(WHAT THE EXERCISE ASKS): Look in the material below for the line with "Пижама женская белая" and the line with "Opel Vivaro Air intake hose/pipe 8200760904", then set down exactly those two lines and all lines between, nothing more.

(MATERIAL SHOWN):
━━━━━━━━

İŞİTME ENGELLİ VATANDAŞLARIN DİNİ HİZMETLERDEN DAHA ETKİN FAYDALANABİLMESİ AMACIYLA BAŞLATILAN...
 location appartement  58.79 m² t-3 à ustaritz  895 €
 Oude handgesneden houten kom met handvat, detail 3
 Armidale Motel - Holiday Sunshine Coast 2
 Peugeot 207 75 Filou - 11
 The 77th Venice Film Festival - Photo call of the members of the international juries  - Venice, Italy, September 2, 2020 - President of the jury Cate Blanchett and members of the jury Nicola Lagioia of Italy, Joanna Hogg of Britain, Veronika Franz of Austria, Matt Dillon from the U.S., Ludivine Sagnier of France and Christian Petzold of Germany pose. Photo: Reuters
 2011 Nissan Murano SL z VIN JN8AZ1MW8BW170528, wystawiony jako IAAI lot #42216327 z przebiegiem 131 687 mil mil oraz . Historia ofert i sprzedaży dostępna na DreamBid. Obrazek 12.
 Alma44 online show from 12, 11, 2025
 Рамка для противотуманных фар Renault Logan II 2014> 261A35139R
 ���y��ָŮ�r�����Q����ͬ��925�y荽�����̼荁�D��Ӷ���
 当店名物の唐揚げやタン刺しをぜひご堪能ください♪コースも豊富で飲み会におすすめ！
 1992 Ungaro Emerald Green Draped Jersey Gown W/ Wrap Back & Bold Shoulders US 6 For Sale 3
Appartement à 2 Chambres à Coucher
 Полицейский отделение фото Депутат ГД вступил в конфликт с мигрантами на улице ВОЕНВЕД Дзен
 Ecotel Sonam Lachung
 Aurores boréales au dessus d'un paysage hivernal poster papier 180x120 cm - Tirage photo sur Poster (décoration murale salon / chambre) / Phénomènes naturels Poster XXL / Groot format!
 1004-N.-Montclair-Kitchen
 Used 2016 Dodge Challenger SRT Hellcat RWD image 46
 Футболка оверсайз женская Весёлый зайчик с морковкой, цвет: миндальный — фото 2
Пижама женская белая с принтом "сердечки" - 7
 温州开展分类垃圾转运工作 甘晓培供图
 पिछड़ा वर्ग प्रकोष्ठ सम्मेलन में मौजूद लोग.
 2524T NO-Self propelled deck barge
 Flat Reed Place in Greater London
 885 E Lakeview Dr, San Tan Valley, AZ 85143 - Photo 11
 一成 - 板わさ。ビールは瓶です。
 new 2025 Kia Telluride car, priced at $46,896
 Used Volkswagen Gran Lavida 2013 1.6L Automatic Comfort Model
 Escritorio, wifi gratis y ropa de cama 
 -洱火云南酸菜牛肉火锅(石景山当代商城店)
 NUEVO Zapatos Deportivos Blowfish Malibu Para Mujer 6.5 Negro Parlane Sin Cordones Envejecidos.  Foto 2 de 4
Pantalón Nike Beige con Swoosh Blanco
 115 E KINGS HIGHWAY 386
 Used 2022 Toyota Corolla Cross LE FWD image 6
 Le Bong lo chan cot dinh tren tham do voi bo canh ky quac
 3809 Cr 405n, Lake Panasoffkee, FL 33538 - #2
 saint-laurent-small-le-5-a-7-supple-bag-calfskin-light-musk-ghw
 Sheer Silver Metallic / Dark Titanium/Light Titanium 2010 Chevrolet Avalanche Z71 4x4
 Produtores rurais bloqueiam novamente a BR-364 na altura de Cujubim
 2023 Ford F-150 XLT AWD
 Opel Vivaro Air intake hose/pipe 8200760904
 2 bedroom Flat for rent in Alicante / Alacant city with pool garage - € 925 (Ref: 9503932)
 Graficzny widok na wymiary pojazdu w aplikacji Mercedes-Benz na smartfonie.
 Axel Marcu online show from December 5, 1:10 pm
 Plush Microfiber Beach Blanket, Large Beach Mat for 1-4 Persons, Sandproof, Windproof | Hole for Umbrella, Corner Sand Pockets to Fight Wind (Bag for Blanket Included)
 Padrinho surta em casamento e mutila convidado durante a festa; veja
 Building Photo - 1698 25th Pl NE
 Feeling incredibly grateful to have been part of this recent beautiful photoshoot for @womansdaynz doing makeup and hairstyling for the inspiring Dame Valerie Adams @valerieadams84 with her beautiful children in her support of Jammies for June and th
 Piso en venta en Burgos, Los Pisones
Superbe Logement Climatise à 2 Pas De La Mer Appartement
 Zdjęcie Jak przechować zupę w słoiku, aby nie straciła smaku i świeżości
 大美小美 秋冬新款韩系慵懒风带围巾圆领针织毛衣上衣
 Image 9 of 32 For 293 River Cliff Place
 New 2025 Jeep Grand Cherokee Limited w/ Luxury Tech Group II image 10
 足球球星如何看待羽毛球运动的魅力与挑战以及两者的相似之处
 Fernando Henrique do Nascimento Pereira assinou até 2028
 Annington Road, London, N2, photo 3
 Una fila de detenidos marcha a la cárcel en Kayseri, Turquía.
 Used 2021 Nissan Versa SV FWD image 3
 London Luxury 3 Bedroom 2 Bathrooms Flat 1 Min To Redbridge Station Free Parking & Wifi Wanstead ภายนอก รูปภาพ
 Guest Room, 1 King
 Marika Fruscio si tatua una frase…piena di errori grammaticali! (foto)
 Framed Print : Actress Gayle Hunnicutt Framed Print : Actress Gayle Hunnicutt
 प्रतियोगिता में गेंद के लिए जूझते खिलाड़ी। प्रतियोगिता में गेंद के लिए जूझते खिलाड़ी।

━━━━━━━━

(ANSWER SPACE):
Пижама женская белая с принтом "сердечки" - 7
 温州开展分类垃圾转运工作 甘晓培供图
 पिछड़ा वर्ग प्रकोष्ठ सम्मेलन में मौजूद लोग.
 2524T NO-Self propelled deck barge
 Flat Reed Place in Greater London
 885 E Lakeview Dr, San Tan Valley, AZ 85143 - Photo 11
 一成 - 板わさ。ビールは瓶です。
 new 2025 Kia Telluride car, priced at $46,896
 Used Volkswagen Gran Lavida 2013 1.6L Automatic Comfort Model
 Escritorio, wifi gratis y ropa de cama 
 -洱火云南酸菜牛肉火锅(石景山当代商城店)
 NUEVO Zapatos Deportivos Blowfish Malibu Para Mujer 6.5 Negro Parlane Sin Cordones Envejecidos.  Foto 2 de 4
Pantalón Nike Beige con Swoosh Blanco
 115 E KINGS HIGHWAY 386
 Used 2022 Toyota Corolla Cross LE FWD image 6
 Le Bong lo chan cot dinh tren tham do voi bo canh ky quac
 3809 Cr 405n, Lake Panasoffkee, FL 33538 - #2
 saint-laurent-small-le-5-a-7-supple-bag-calfskin-light-musk-ghw
 Sheer Silver Metallic / Dark Titanium/Light Titanium 2010 Chevrolet Avalanche Z71 4x4
 Produtores rurais bloqueiam novamente a BR-364 na altura de Cujubim
 2023 Ford F-150 XLT AWD
 Opel Vivaro Air intake hose/pipe 8200760904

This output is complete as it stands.